Namazu-users-en(old)


[Date Prev][Date Next][Thread Prev][Thread Next][Date Index][Thread Index]

Re: Mailman & "Charactères Français"



At Mon,  2 Jun 2003 16:26:26 -0500,
dchartrand@xxxxxxxxxx wrote:
> Namazu is having problems displaying and understanding french characters such as
> "àéèçô..." when used to search Mailman archives. A word like "troisième" is
> displayed (and searched) as "troisime" in Namazu... Notice the missing "è".

In the past, I had got a same report. So I tried to check the probrem
with the following sequence:

1. Saved the mail <1054589186.3edbc102c03c0@xxxxxxxxxx> as a text file
   named as "docs/french-text.txt".

2. Typed "LANG=C mknmz -O index ./docs" to make index.

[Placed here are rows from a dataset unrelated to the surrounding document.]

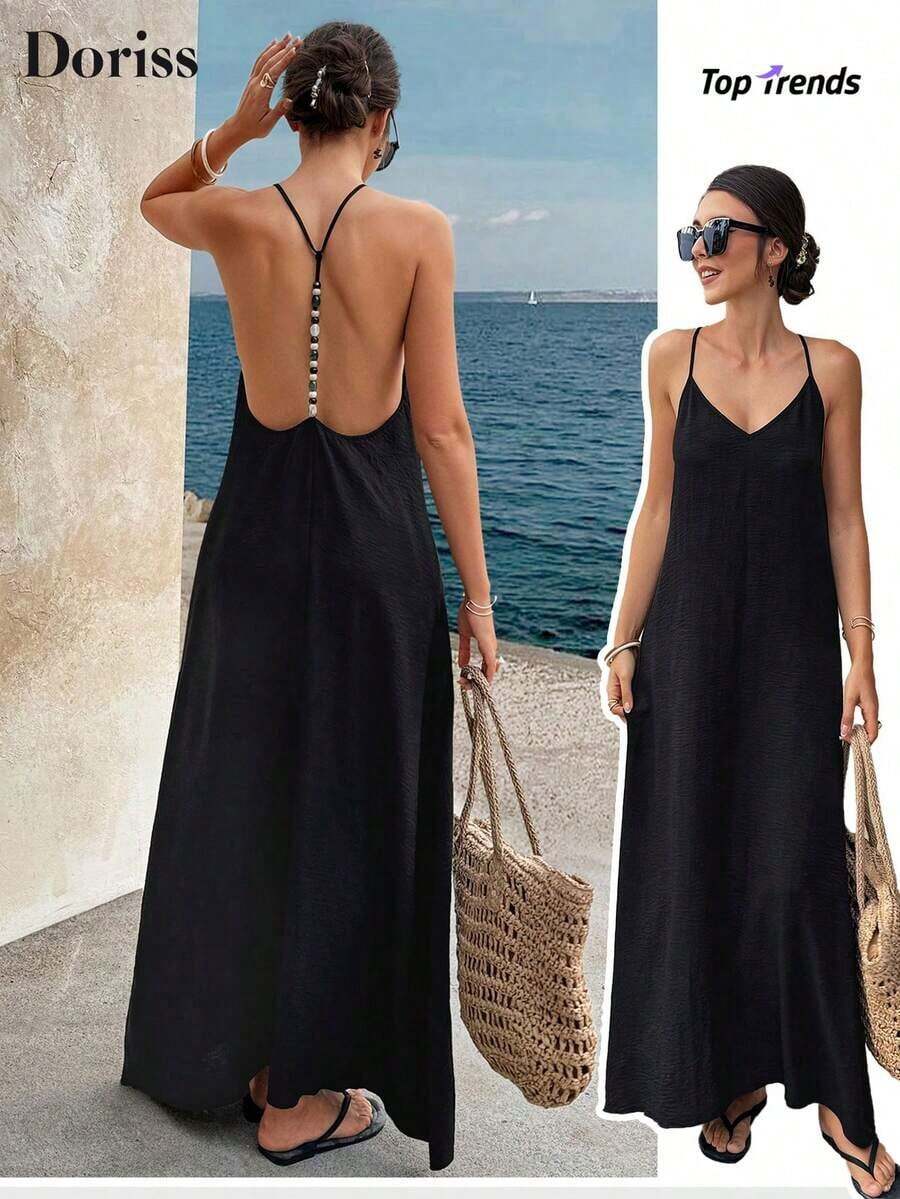 Vestido largo elegante de mujer con tirantes finos, espalda descubierta y lentejuelas, adecuado para fiestas, bodas, playa y vacaciones, color negro, para verano - Negro - Ver 1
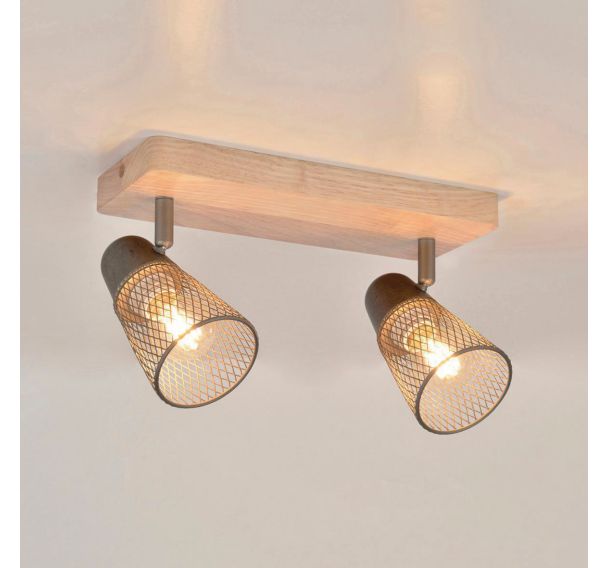 Spot base carrée en métal 2 lumières effet bois Hillside naturel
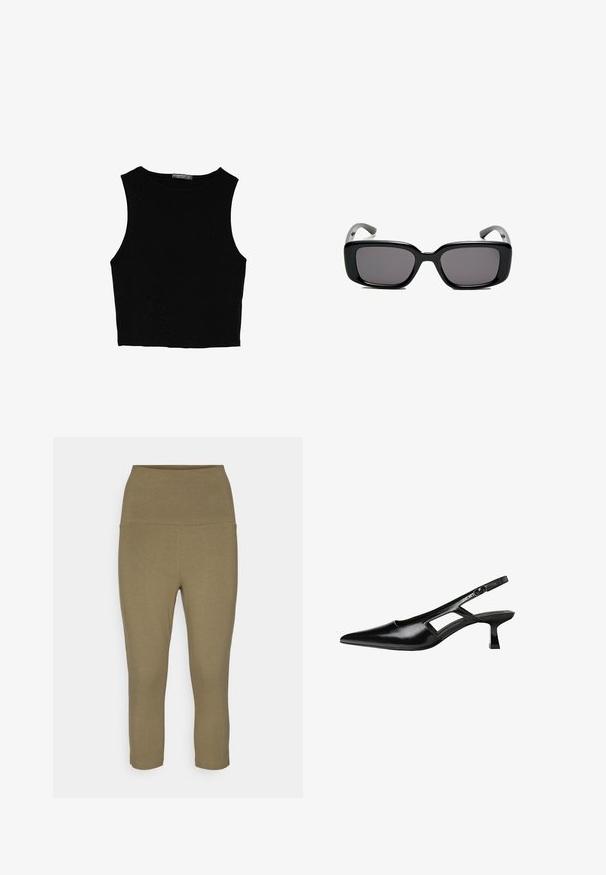 Svart ärmlös crop top i mjukt tyg, med rund hals och en ren, enkel design utan mönster eller detaljer.; Olivgröna caprileggings i mjukt, stretchy material; har en bred midja för stöd och en sömlös design för komfort.; Svart lackläder slingback-klackar med spetsig tå, utskuren sidor och en liten fyrkantig klack. Slät textur med minimala accenter.; Svarta rektangulära solglasögon med mörka linser, slimmad plastbåge och böjda tempel. Designen är kraftig med en minimalistisk estetik.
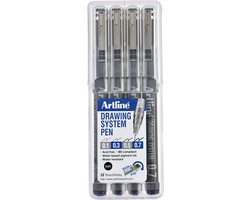 ARTLINE Drawing System - 1 x set van 4 Fineliners - 0.1-0.3-0.5-0.7mm Lijndiktes - Zwart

3. Typed "LANG=C namazu -h ` sed -n '78p' index/NMZ.w` index > foo" to
   search the word "troisième", because I don't know how to input any
   french characters.

4. Checked the file foo. It is like the following:

<!DOCTYPE HTML PUBLIC "-//W3C//DTD HTML 4.01//EN"
        "http://www.w3.org/TR/html4/strict.dtd";>
<html>
<head>
<!-- LINK-REV-MADE -->
<link rev=made href="mailto:webmaster@xxxxxxxxxxxxxxxxxxxxxxx";>
<!-- LINK-REV-MADE -->
<title>Namazu: a Full-Text Search Engine: &lt;troisième&gt;</title>

  :
(snip)
  :
<h2>Results:</h2>
<p>
References:  [ troisième: 1 ] 
  :
(snip)

Hmm, it seems no problem for me.

> I am using Mailman 2.1 and Namazu 2.0.12.

How about your envrionment? The follwoing is mine:

Debian GNU/Linux (today's unstable)
Linux 2.4.21-pre4
glibc 2.3.1
-- 
NOKUBI Takatsugu
E-mail: knok@xxxxxxxxxxxxx
	knok@xxxxxxxxxx / knok@xxxxxxxxxx